私は一時期筆を置いていた時期があります。
そもそも、自由に絵を描き始めたのはおとなになってからでした。
幼い頃は満足な文具などがなく、精一杯描いていたものといえば勝手に作っていた学級新聞くらいのものでした。
中学校にあがって、漫画を描くようになったけれど、やはり画材やコピー代、郵便代などがなく、自然と絵を描くことからは離れていきました。

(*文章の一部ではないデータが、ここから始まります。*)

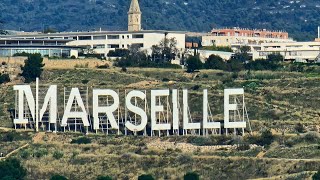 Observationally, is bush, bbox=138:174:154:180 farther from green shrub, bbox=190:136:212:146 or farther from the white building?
the white building

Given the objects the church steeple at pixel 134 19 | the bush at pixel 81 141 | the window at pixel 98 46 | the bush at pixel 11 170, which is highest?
the church steeple at pixel 134 19

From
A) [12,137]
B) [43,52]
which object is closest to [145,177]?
[12,137]

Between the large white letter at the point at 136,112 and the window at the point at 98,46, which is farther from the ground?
the window at the point at 98,46

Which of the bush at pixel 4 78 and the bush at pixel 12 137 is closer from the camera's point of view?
the bush at pixel 12 137

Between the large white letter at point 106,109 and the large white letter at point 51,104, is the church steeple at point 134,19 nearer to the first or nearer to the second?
the large white letter at point 106,109

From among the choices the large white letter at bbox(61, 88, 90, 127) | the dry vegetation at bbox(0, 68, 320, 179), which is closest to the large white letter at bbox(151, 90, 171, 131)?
the dry vegetation at bbox(0, 68, 320, 179)

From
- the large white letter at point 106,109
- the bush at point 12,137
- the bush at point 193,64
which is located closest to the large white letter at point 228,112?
the large white letter at point 106,109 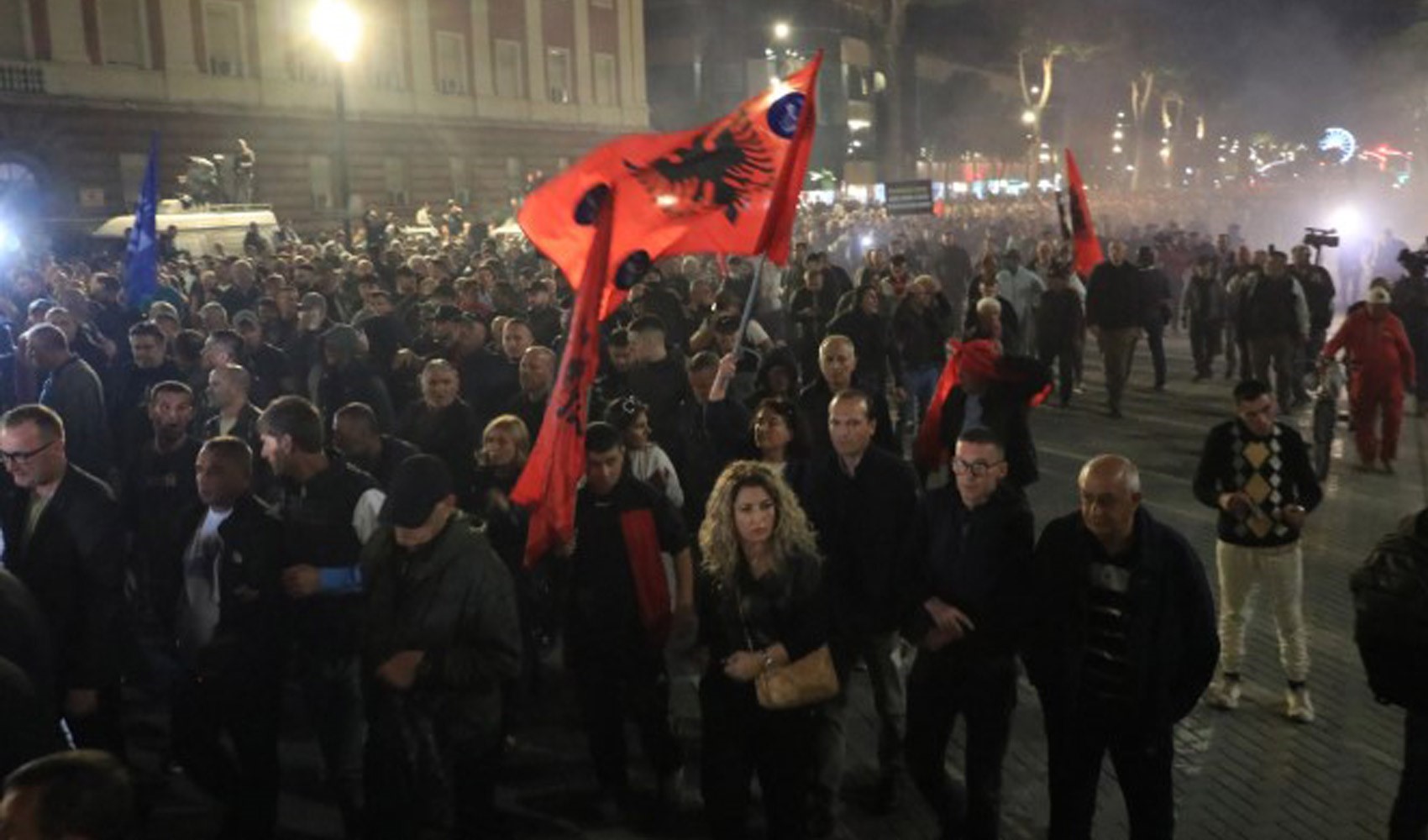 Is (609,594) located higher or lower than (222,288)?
lower

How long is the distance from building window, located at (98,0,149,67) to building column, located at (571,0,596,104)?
2071 cm

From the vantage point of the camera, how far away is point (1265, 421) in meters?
6.23

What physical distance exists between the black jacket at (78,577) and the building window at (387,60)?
130 feet

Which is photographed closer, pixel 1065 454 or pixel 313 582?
pixel 313 582

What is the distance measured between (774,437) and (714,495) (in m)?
1.48

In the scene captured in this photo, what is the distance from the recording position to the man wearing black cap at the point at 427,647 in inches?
174

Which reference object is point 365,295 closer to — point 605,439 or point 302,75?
point 605,439

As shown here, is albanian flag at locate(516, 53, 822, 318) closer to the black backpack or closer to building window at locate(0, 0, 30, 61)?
the black backpack

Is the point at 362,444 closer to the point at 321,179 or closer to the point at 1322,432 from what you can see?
the point at 1322,432

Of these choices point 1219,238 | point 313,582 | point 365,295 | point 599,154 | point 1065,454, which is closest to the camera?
point 313,582

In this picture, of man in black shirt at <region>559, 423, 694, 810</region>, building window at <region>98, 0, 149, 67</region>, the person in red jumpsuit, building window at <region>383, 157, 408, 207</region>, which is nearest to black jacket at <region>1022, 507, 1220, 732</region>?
man in black shirt at <region>559, 423, 694, 810</region>

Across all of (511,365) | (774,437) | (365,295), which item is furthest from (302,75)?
(774,437)

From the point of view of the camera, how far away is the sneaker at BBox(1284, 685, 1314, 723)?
20.3 ft

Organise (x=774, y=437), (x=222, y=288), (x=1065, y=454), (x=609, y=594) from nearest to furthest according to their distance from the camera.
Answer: (x=609, y=594)
(x=774, y=437)
(x=1065, y=454)
(x=222, y=288)
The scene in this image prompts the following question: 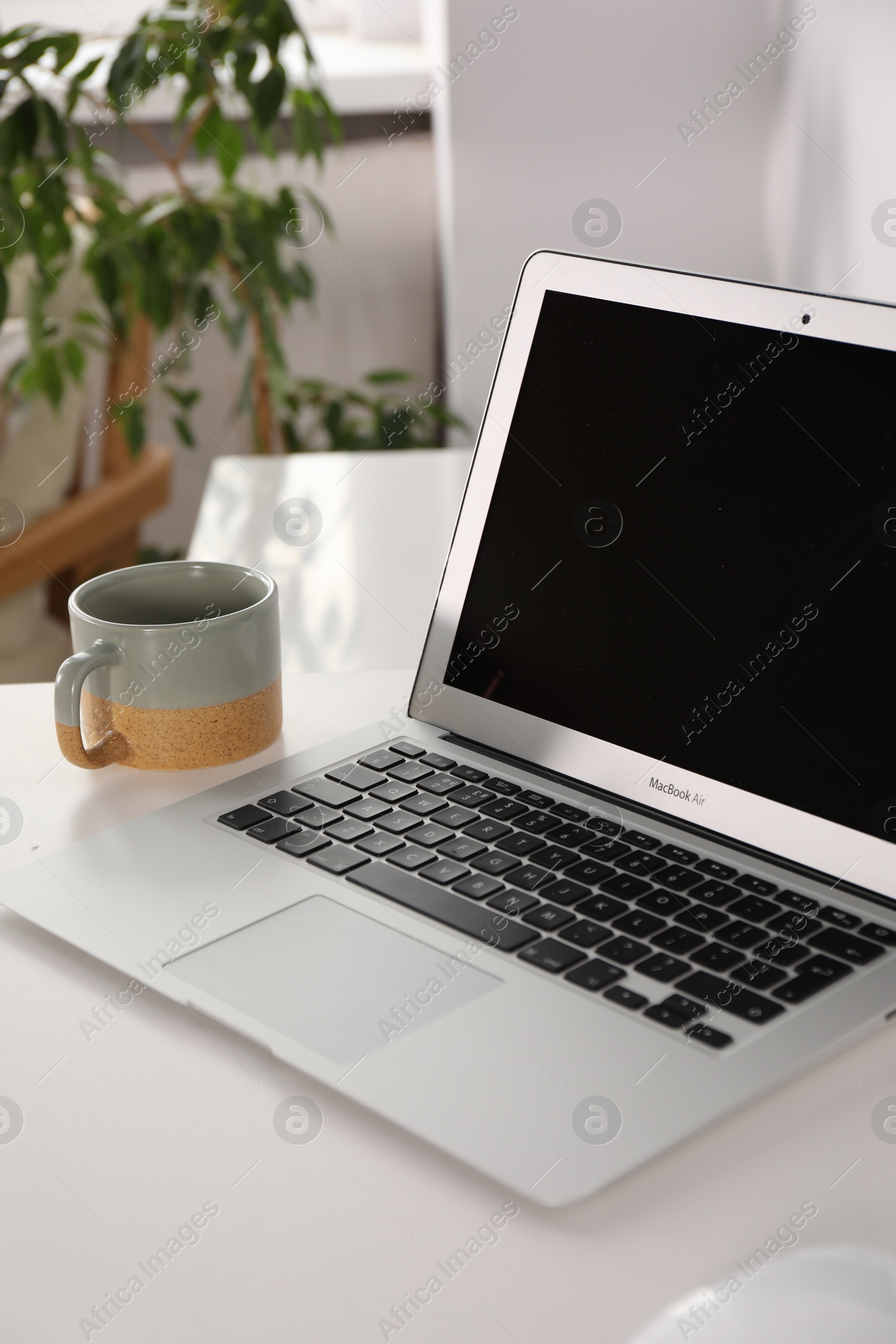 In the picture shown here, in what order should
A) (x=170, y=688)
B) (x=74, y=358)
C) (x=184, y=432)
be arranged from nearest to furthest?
(x=170, y=688)
(x=74, y=358)
(x=184, y=432)

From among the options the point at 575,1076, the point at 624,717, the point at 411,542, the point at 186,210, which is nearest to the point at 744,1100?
the point at 575,1076

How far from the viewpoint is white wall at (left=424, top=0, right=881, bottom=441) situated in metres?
1.53

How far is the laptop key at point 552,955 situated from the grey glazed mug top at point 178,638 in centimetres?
28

おとなになり、人生の転機を迎えてから絵を描き始めたのですが、その後も人生の大きな波に揉まれることとなり、やがて筆を置いていました。
そんな中、一枚の写真が私を魅了します。
そう、福島県の芦ノ牧温泉駅の駅長猫、らぶ駅長の写真でした。
その写真は「おいでよ、福島。」と優しく語りかけているかのようでした。
私はその瞬間を絵にとどめたい、と思い、スマホに入れているのにあまり使っていなかったお絵かきアプリを開きました。
温かい、雪解けの春の福島をイメージして描きました。
そんならぶ駅長の一周忌が、今日です。
らぶ駅長は私に描く勇気をくれました。
前を向く勇気をくれました。
小さな体で駅を悠々と巡回して回る様は、いつでも私を励ましてくれました。
そんならぶ駅長の一周忌が、今日です。
らぶ駅長存命の間に行くことができなかった福島。
遠い熊本から、虹の橋の向こうを祈ります。